[200q20v] power steering hose

Phil Rose pjrose at frontiernet.net
Wed Oct 25 12:34:38 EDT 2000

>Phil:  Haven't even taken a look at where the particular bolt is located (my
>two car garage is a no-car garage, as it is full of stuff and woodworking
>equipment at present)...
>but this might be a good time to create a custom tool.
>Can you get a box-end wrench head on the bolt?  If so, perhaps you could buy
>another wrench; cut off the other end so you could slip a length of pipe over
>it for leverage, and heat it with a torch to bend it to a more usable angle?
>Probably about $6 cost; and you'd be able to sell the tool for that to the
>next guy who needs it.
>If not, how about welding a custom-bent cheater bar to fit in a socket?

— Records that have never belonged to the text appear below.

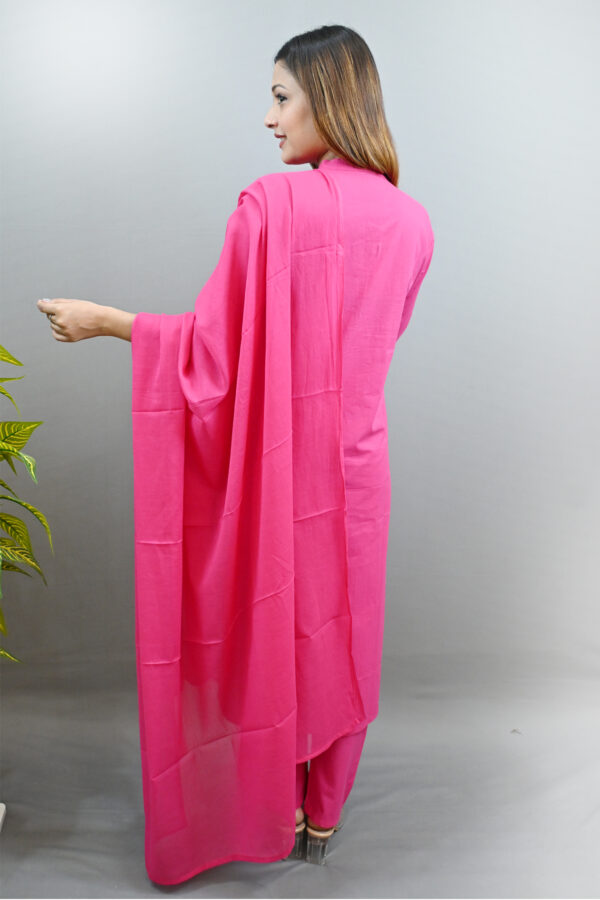 Kloth Kit Pink Embroidered Kurti Dupatta Set - Image 4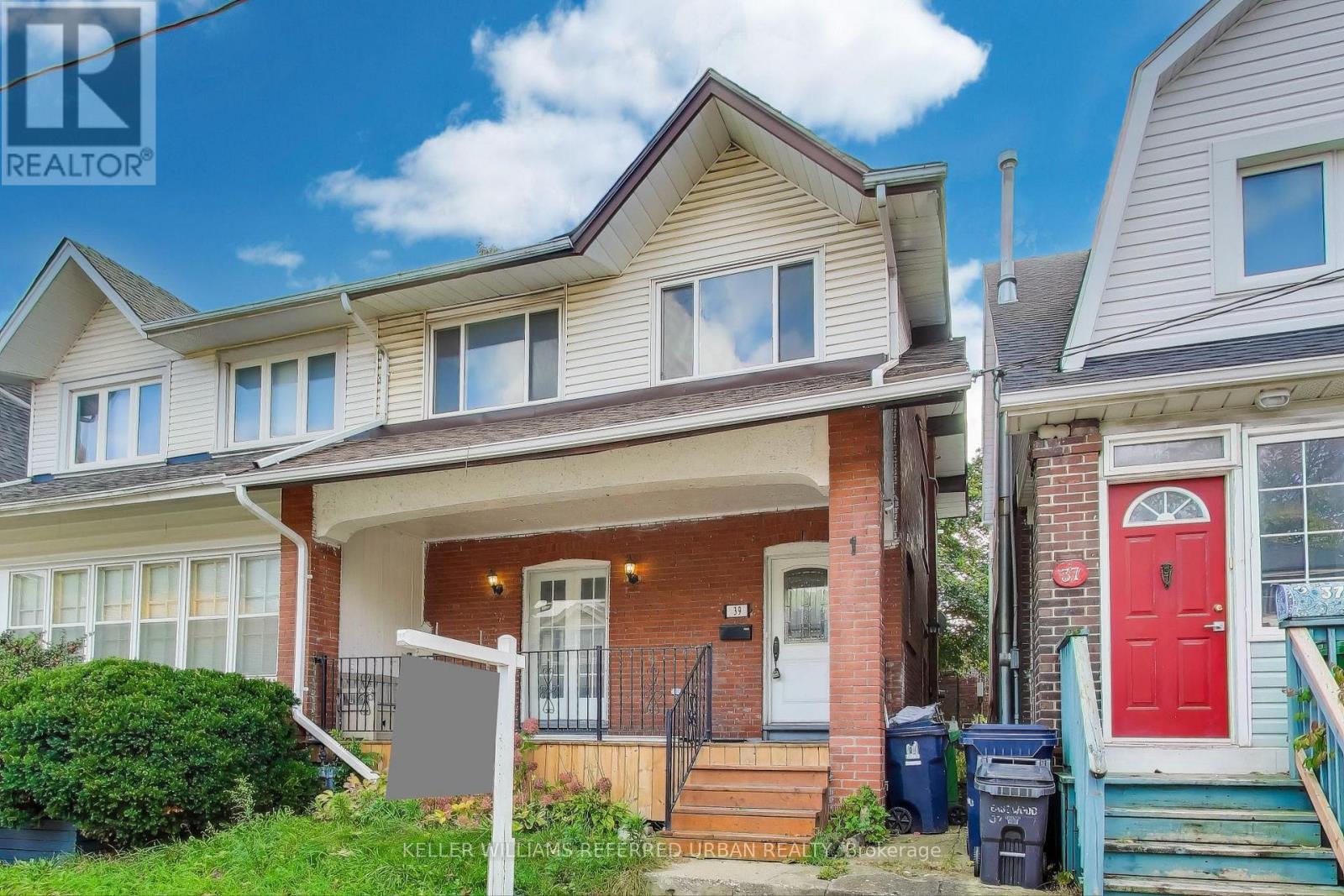 39 Eastwood Road, Toronto, Ontario  M4L 2C6 - Photo 2 - E12476269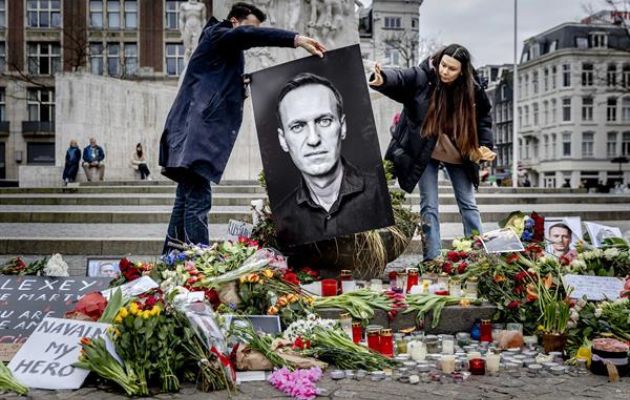 Vigilia por el fallecido líder de la oposición Alexéi Navalny, Amsterdam, Países Bajos. Foto: EFE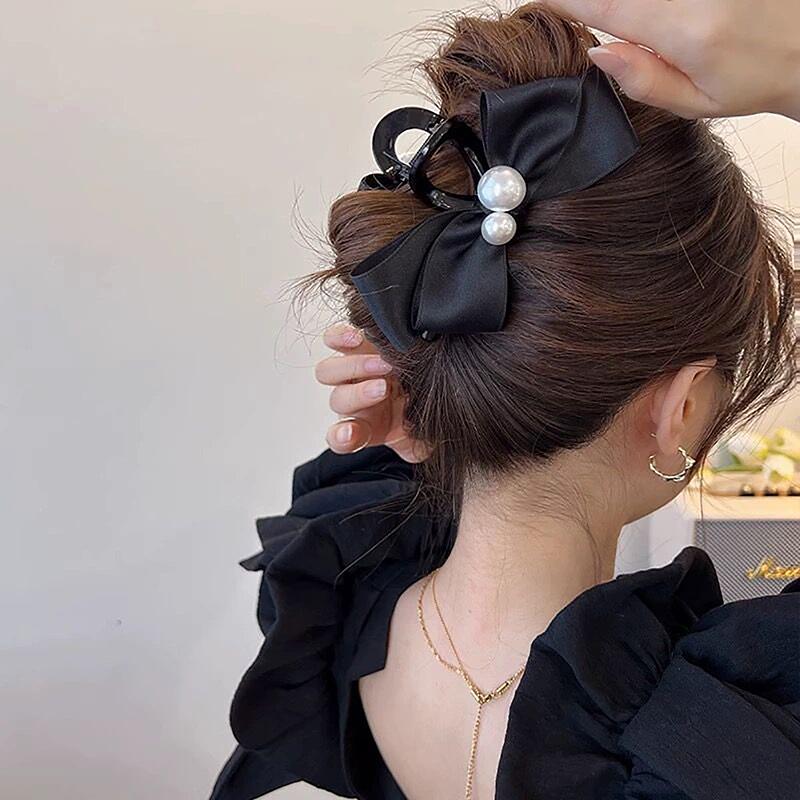 Nuovo fermaglio per capelli in raso con fiocco grande e perle in acrilico per donna, moda coreana, accessorio per capelli con forcina per capelli a cucchiaio con cerniera posteriore avanzata.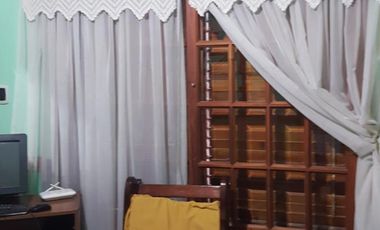 Casa lista para habitar, tipo chalet en zona Colón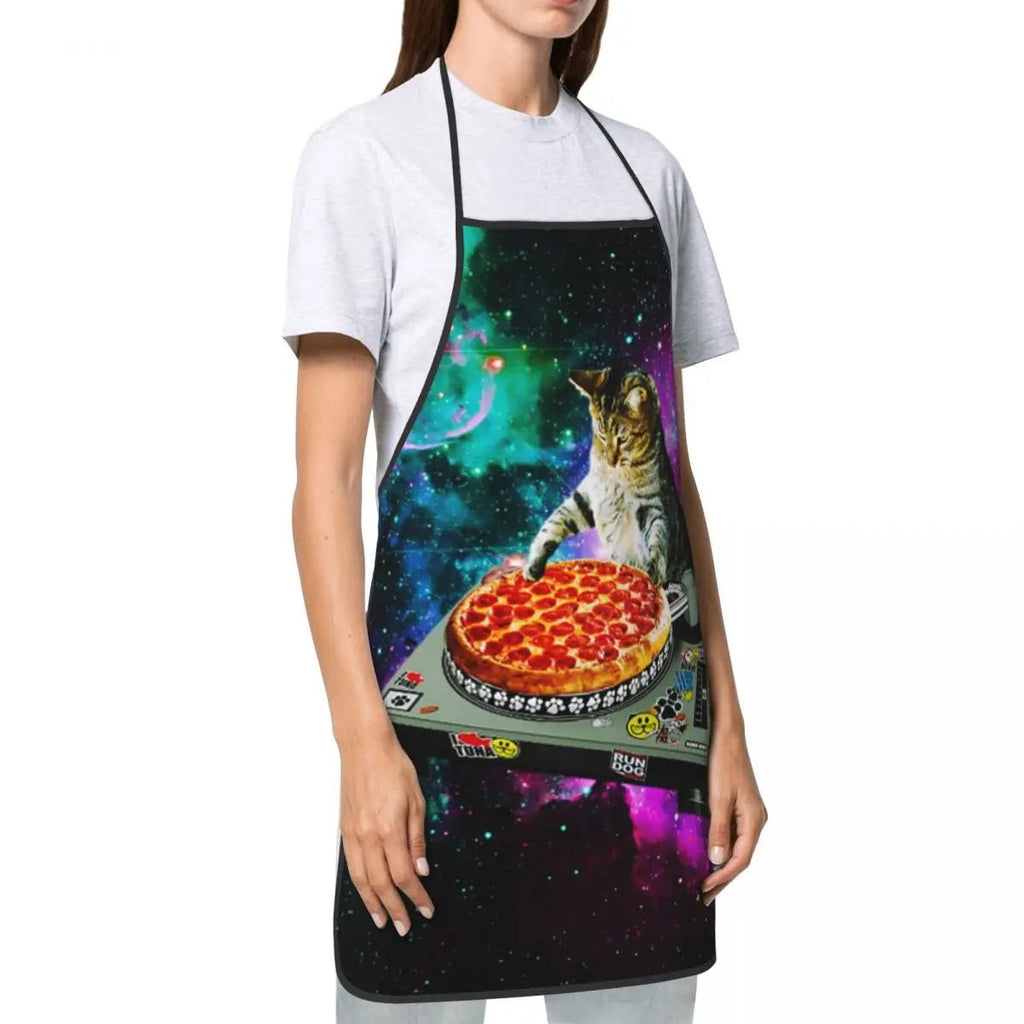 Tablier Space DJ Cat Pizza - Tablier de Cuisine Unisexe Original en Tissu Non Tissé - Cuisine Chez Nadine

It's very difficult to see in there without removing the
reservoir--virtually impossible to reach that banjobolt without doing that.
Just in front of *the* bolt in question there is a return-line banjobolt,
which is *much* more accessible.

I spent last night perusing the JC Whitney catalog to refresh my memory
about special-purpose wrenches. They show a bunch of sharply curved
(bow-shaped) wrenches (page 191) called "obstruction wrenches".  I think
Sears carries some of these. To my eye, it looks as though this kind of
wrench could permit engaging the bolthead at the necessary (high) angle of
approach needed to clear the rack plumbing, while having its handle curve
_downward_ so as to be well below the brakeline obstruction (a line that
manages to run exactly at the angle made by a normal open-end wrench

A related approach would be to use a crowsfoot wrench on a 3/8" sq drive
ratchet handle. The crowsfoot can be angled to the handle similar to the
effect of the curved "obstruction wrench". This approach might also offer
possibility to use a cheater bar on the drive handle.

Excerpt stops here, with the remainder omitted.